Repeat every record word for word and omit the images.

═════ DATA RECORDS

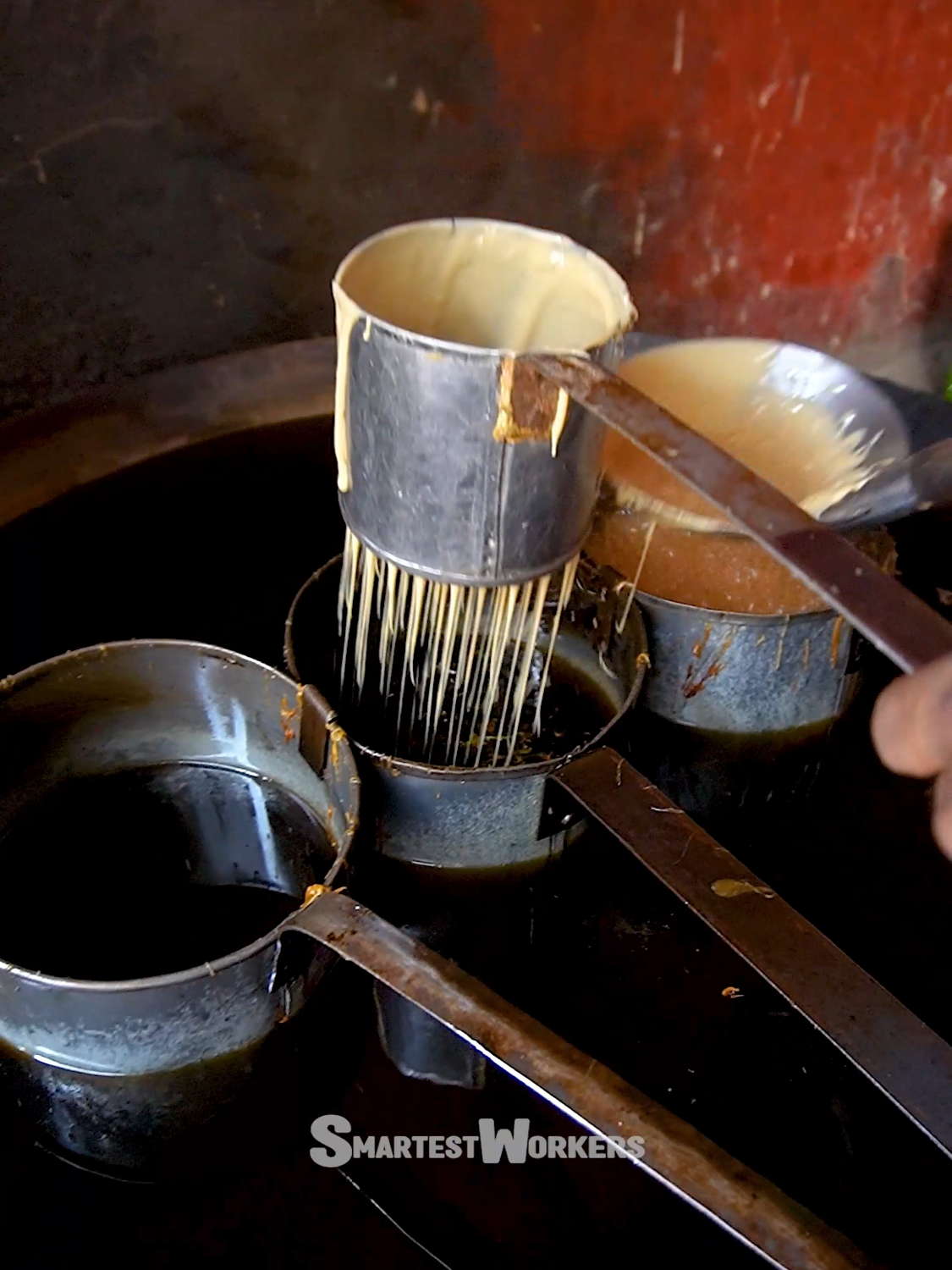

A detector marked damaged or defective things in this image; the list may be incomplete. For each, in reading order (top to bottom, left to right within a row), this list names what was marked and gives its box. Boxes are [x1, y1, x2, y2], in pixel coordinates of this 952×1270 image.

rusty metal bar [0, 335, 340, 528]
rusty metal bar [526, 353, 952, 671]
rusty metal bar [285, 884, 878, 1270]
rusty metal bar [559, 747, 952, 1163]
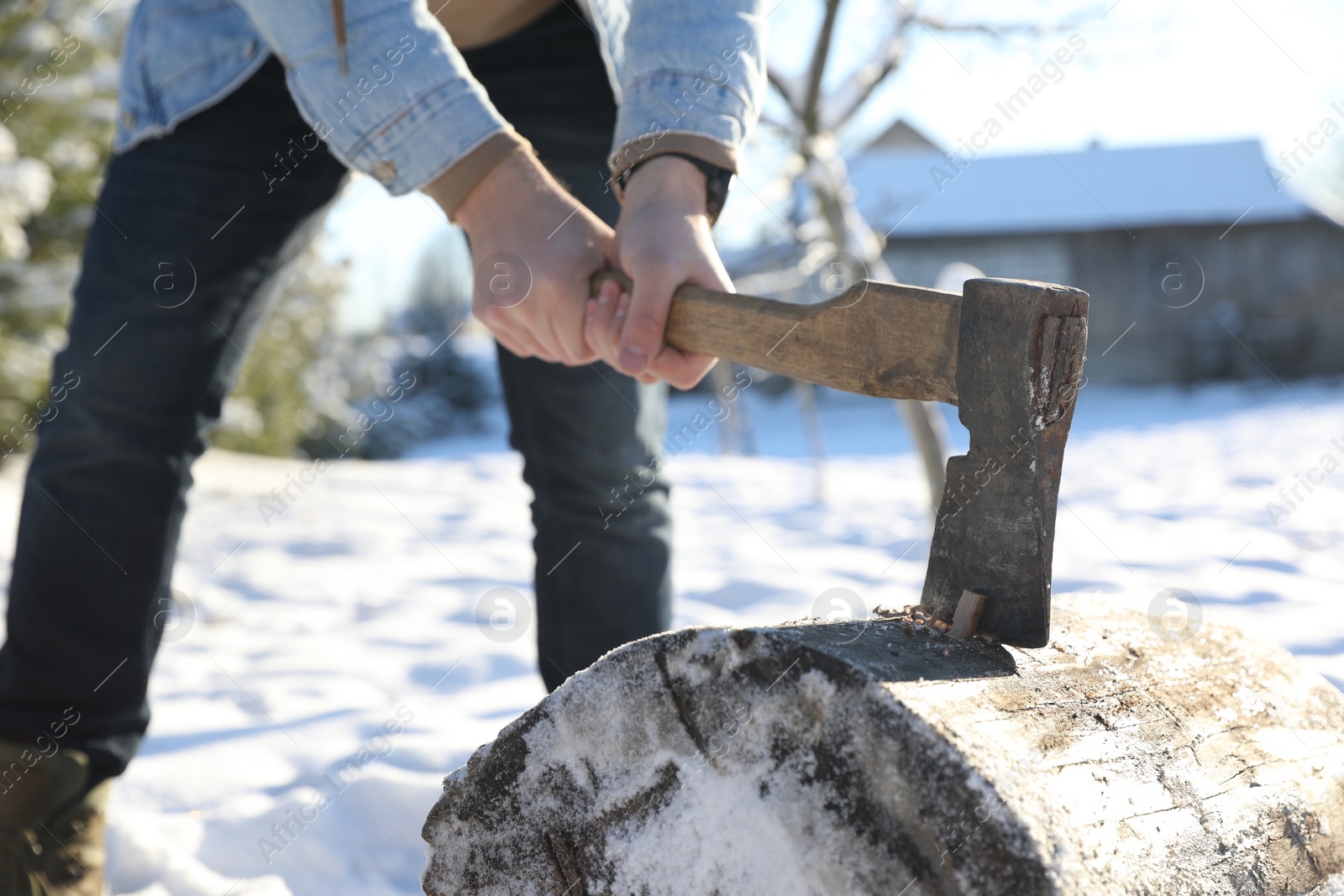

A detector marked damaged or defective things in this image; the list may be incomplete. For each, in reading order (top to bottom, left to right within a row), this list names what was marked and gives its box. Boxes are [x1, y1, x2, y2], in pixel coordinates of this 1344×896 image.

rusty axe [595, 269, 1089, 645]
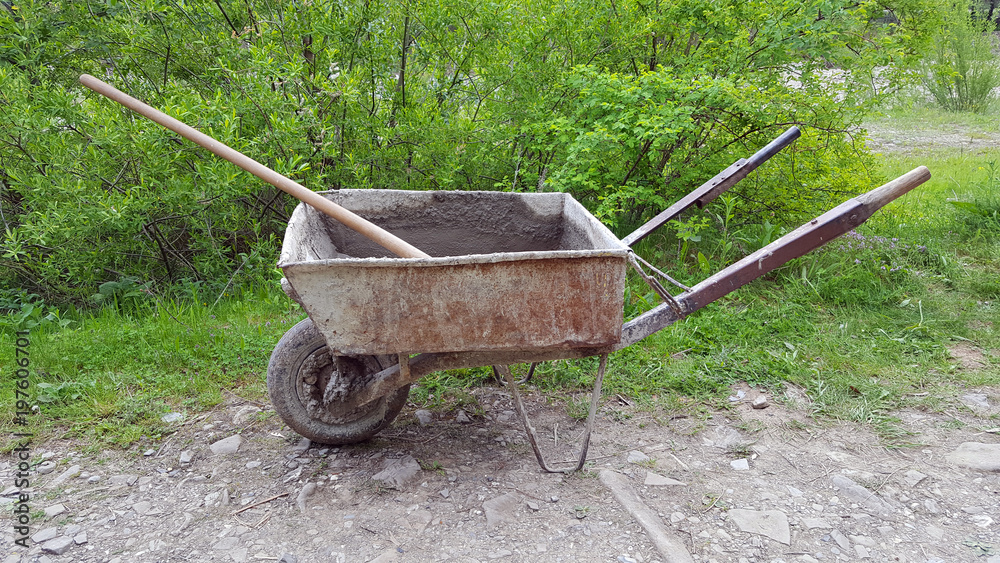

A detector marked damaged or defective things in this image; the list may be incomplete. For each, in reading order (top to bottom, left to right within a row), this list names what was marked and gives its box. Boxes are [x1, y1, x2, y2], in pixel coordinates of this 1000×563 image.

rusty metal surface [280, 192, 624, 354]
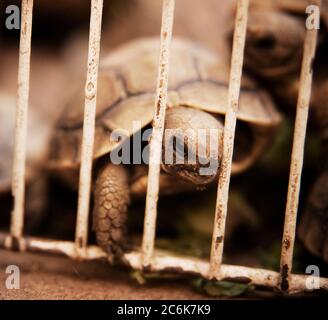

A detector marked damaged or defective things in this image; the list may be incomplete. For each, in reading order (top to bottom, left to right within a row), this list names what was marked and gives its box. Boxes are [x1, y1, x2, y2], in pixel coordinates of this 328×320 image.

rusty metal bar [8, 0, 34, 250]
rusty metal bar [75, 0, 103, 256]
rusty metal bar [142, 0, 176, 266]
rusty metal bar [209, 0, 250, 278]
rusty metal bar [280, 0, 320, 292]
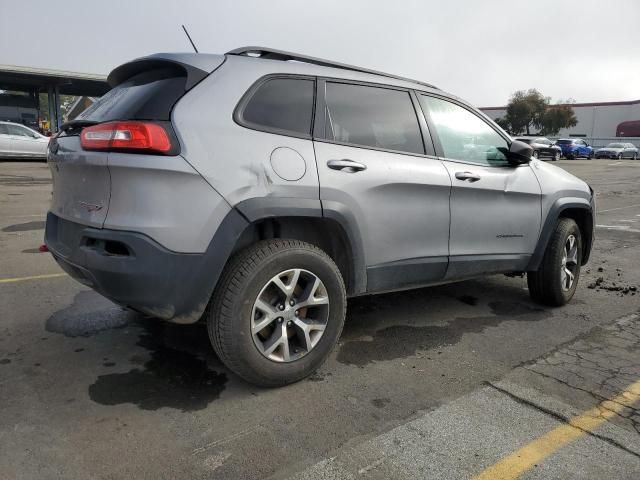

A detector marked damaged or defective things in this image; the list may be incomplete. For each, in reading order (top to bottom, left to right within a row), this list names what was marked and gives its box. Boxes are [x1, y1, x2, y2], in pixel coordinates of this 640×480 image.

damaged rear door [418, 93, 544, 278]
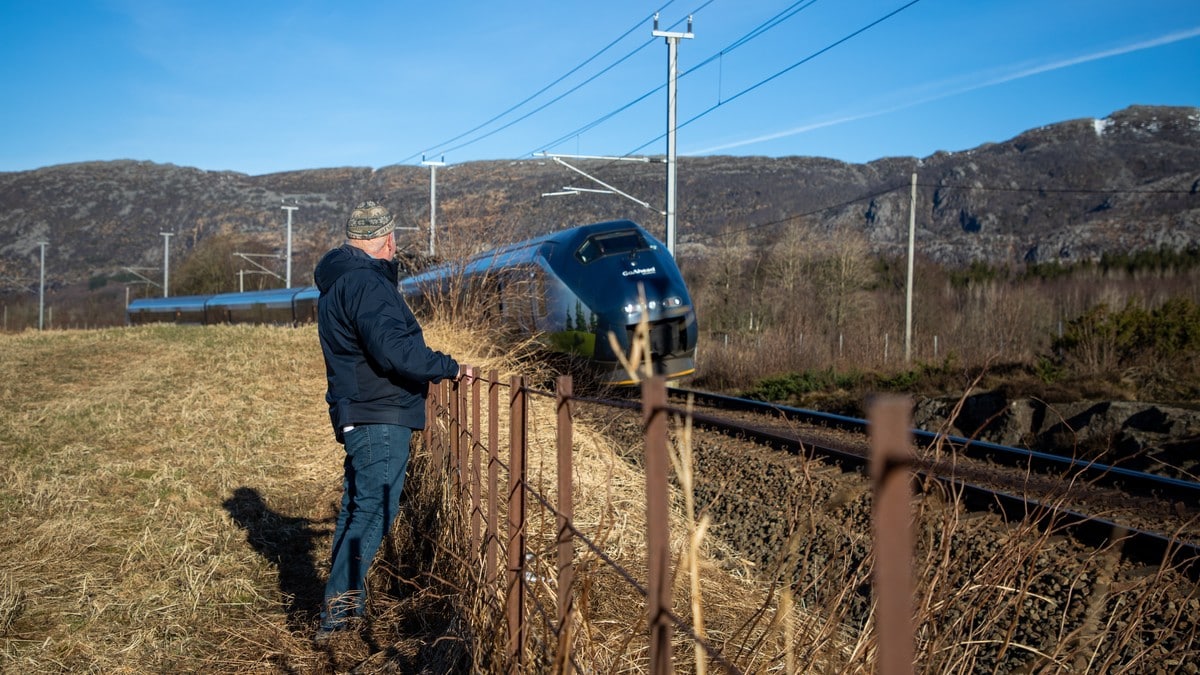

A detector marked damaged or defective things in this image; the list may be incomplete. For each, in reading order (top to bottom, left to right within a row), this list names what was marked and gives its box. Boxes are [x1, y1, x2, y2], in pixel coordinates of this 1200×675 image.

rusty fence post [506, 369, 525, 667]
rusty fence post [554, 374, 573, 662]
rusty fence post [643, 374, 672, 667]
rusty fence post [868, 393, 912, 672]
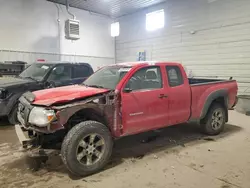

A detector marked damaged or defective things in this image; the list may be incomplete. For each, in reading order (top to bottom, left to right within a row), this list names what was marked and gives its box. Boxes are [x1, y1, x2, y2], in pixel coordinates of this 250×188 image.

damaged hood [32, 85, 108, 106]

══════════

* [TASK OUTPUT]:
A detector marked damaged or defective things in this image; the list may be incomplete. For each, in reading order (top to bottom, left to right within a row), this list names what was marked and gives its box. Boxes are [x1, y1, x2, y2], in pixel coordinates of this 952×1270 image.

rusty metal bar [0, 335, 340, 528]
rusty metal bar [526, 353, 952, 671]
rusty metal bar [285, 884, 878, 1270]
rusty metal bar [559, 747, 952, 1163]

A detector marked damaged or defective things in this image; the list may be incomplete. For each, in reading order (top to bottom, left to right within a row), this list names what was marked and gives its box. Boxes are [x1, y1, x2, y2], in pixel coordinates of this 1344×896 image.

rusty axe [595, 269, 1089, 645]

A detector marked damaged or defective things in this image; the list may be incomplete. For each, in reading order (top to bottom, left to right within a row), this list names what was marked and gives its box. Boxes are [x1, y1, x2, y2], in pixel coordinates of this 1000×563 image.

rusty metal surface [280, 192, 624, 354]

A detector marked damaged or defective things in this image; the list may be incomplete. For each, in reading order (top to bottom, left to right within a row), this list names what was marked and gives its box. Boxes are [x1, y1, x2, y2], in pixel coordinates of this 328×320 image.

rusty metal bar [8, 0, 34, 250]
rusty metal bar [75, 0, 103, 256]
rusty metal bar [142, 0, 176, 266]
rusty metal bar [209, 0, 250, 278]
rusty metal bar [280, 0, 320, 292]

A detector marked damaged or defective things in this image; the list may be incomplete. For each, in reading order (top to bottom, left to right within a row), this list names what was marked and gives its box. Boxes are [x1, y1, x2, y2], in pixel coordinates of this 640×480 image.

damaged rear door [418, 93, 544, 278]

A detector marked damaged or defective things in this image; the list may be incomplete. For each, in reading order (top to bottom, left to right within a row), this list names what was marked and gives its box. Boxes are [x1, y1, x2, y2], in pixel coordinates of this 1200×675 image.

rusty fence post [506, 369, 525, 667]
rusty fence post [554, 374, 573, 662]
rusty fence post [643, 374, 672, 667]
rusty fence post [868, 393, 912, 672]

A detector marked damaged or defective things in this image; the list may be incomplete. For each, in reading order (top to bottom, left to right within a row), this list names what was marked and gives its box. Boxes are [x1, y1, x2, y2], in pixel coordinates of this 250×188 image.

damaged hood [32, 85, 108, 106]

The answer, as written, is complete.